Il connaissait d’avance la réponse. Rien ou pas grand-chose. Un élève du lycée aurait pris une cuite et se serait amené ivre mort dans la salle de classe, peut-être ; qu’est-ce qui pouvait bien se passer d’autre ?
— Tu connais pas la dernière ? Quelqu’un a tué le chien de ton oncle.
Floyd, qui était en train de porter son verre à ses lèvres, s’arrêta net.
— Quoi ? Doc, le chien d’oncle Win ?
— Exactement.
— Écrasé par une voiture ?
— Non. Rien de tout ça. C’est Mike Ryerson qui l’a trouvé en allant tondre le gazon au cimetière d’Harmony Hill. Il était empalé sur les piques du portail. Eventré.
— Les salauds ! s’étrangla Floyd.
Dell, satisfait de l’effet produit, hocha la tête gravement. Il connaissait une autre nouvelle qui avait contribué ce jour-là à échauffer les esprits : on avait vu la bonne amie de Floyd se promener en ville avec cet écrivain qui avait pris une chambre chez Eva. Mais ça, c’était à Floyd de le découvrir tout seul.
— Ryerson a porté le corps à Parkins Gillespie, expliqua-t-il. Parkins pense que le chien était peut-être mort et que des enfants l’auraient ensuite accroché au portail pour s’amuser.
— Ce Gillespie, il n’a vraiment pas inventé la poudre.
— J’en sais rien, mais je vais te dire quelle est mon idée, à moi. (Dell pencha en avant son torse puissant.) Je pense que c’est des gosses, ça oui... Merde, je les connais. Mais ça peut être un truc beaucoup plus grave qu’une simple plaisanterie. Tiens, regarde ça.
Il sortit un journal de dessous son comptoir et le tendit à Tibbits, ouvert sur une page intérieure.
Floyd le prit. Un gros titre s’étalait sur plusieurs colonnes : des adorateurs de satan profanent une église de floride.

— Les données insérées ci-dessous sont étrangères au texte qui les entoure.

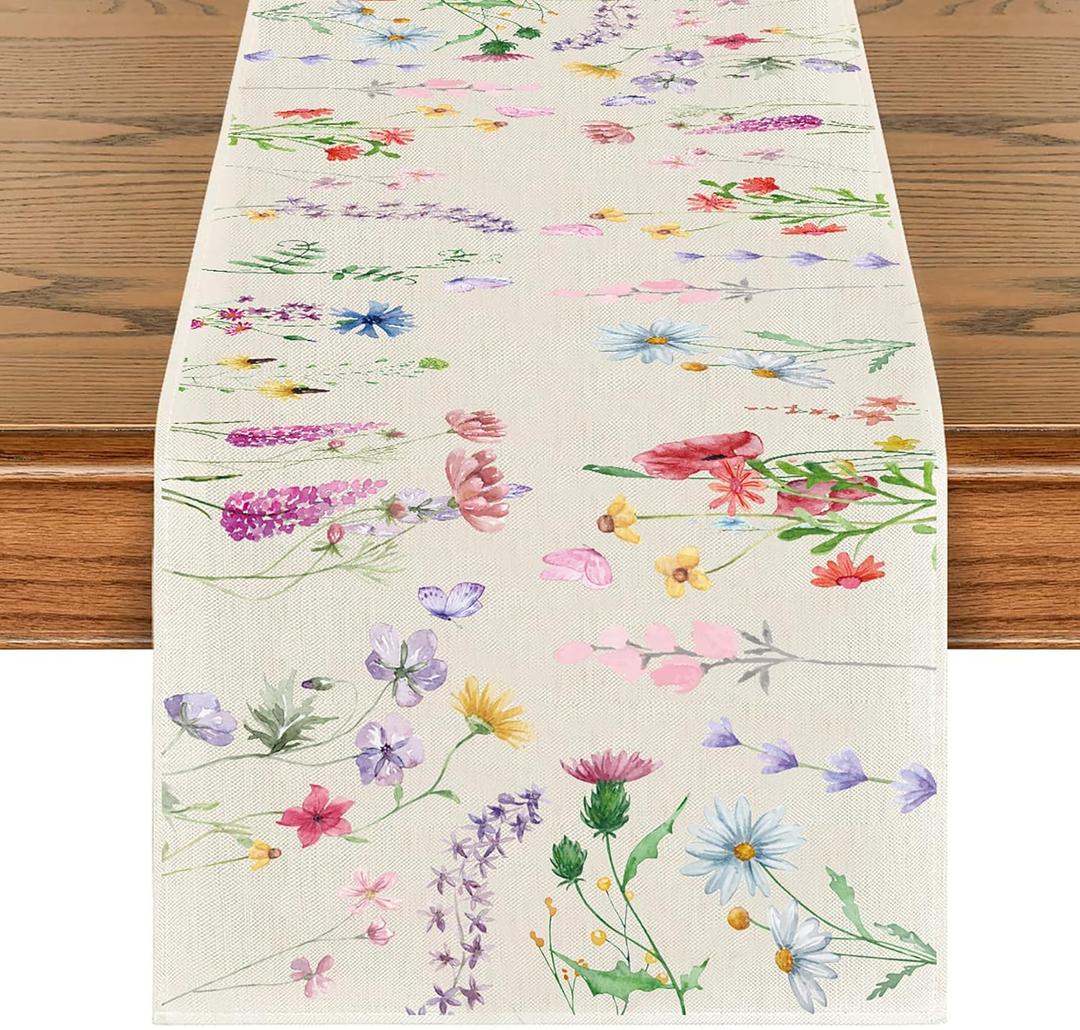 Wildflowers Floral Table Runner, Summer Fall Table Decoration with Meadow Grass and Botanical Print for Kitchen Dining Table or Home Party, 13x75 Inch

Il lut l’article en diagonale. Une bande de gosses avait pénétré dans une église catholique à Clewiston, Floride, un peu après minuit et y avait célébré une sorte de messe noire. L’autel avait été profané, des inscriptions obscènes avaient été gravées sur les bancs, sur les confessionnaux et sur les fonts baptismaux, et du sang avait été répandu sur les marches qui menaient à la nef. Le sang avait été analysé : il y avait un peu de sang animal (de chèvre, probablement), mais surtout du sang humain. Le chef de la police de Clewiston reconnaissait n’être encore sur aucune piste.
Floyd posa le journal.
— Des adorateurs de Satan à Salem ? Allons, Dell. Tu déménages.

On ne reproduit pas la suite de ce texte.